• _Supplied records_
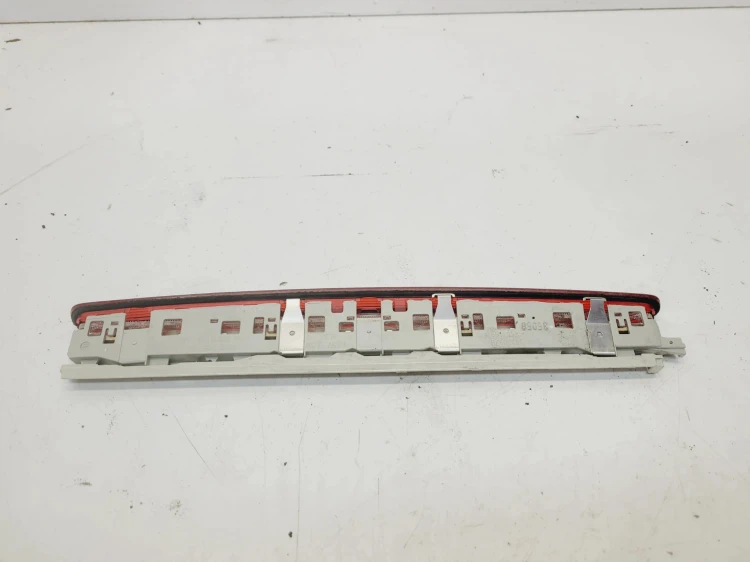 ŚWIATŁO STOP STOPU TRZECIE AUDI A4 B7 AVANT 8E9945097B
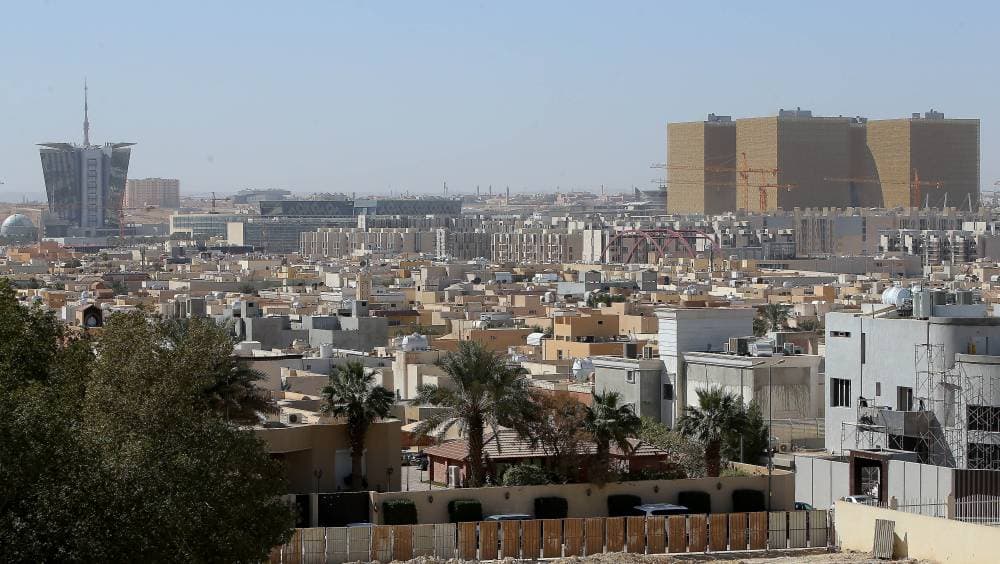 يسعى مركز "إنفاذ" إلى تطوير أداء القطاع الخاص من خلال تفعيل الشراكة معه.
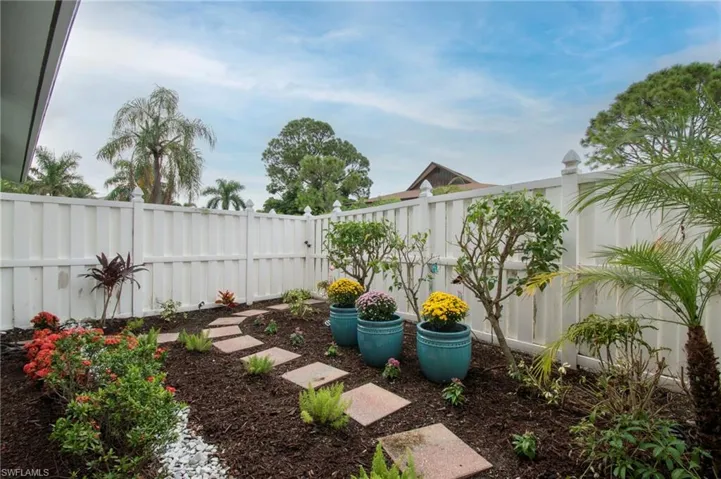 4126 Belair Ln # C3, Naples, Florida 34103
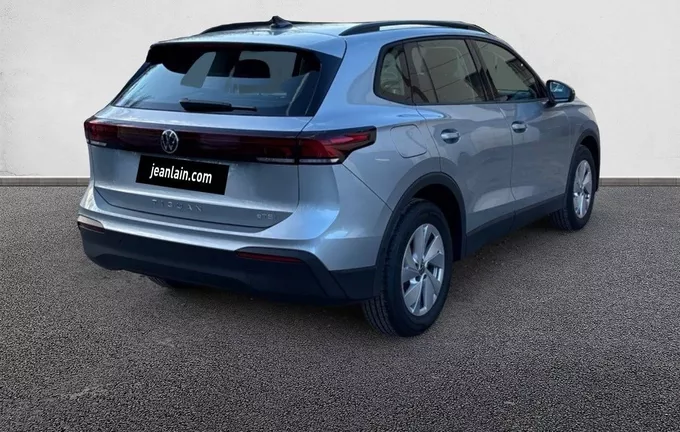 VOLKSWAGEN TIGUAN 1.5 eTSI 130ch DSG7 extérieur trois quart arrière droit 1159
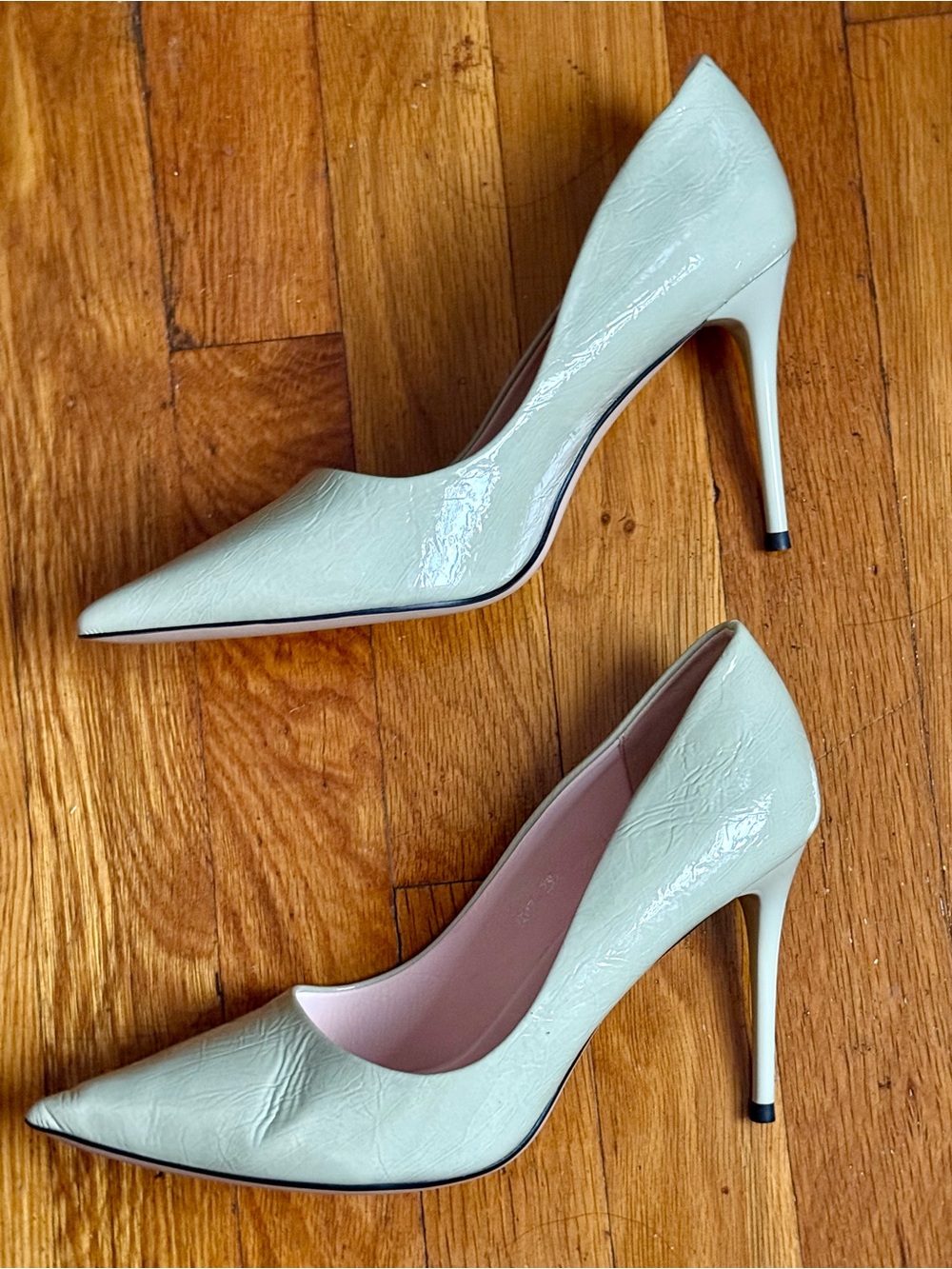 BRAND NEW Women’s Pointed Toe Stiletto Pumps in Light Mint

• _Action item_
Transcribe all lines above exactly, skipping pictures.

• _Result of this task_
 ŚWIATŁO STOP STOPU TRZECIE AUDI A4 B7 AVANT 8E9945097B
 يسعى مركز "إنفاذ" إلى تطوير أداء القطاع الخاص من خلال تفعيل الشراكة معه.
 4126 Belair Ln # C3, Naples, Florida 34103
 VOLKSWAGEN TIGUAN 1.5 eTSI 130ch DSG7 extérieur trois quart arrière droit 1159
 BRAND NEW Women’s Pointed Toe Stiletto Pumps in Light Mint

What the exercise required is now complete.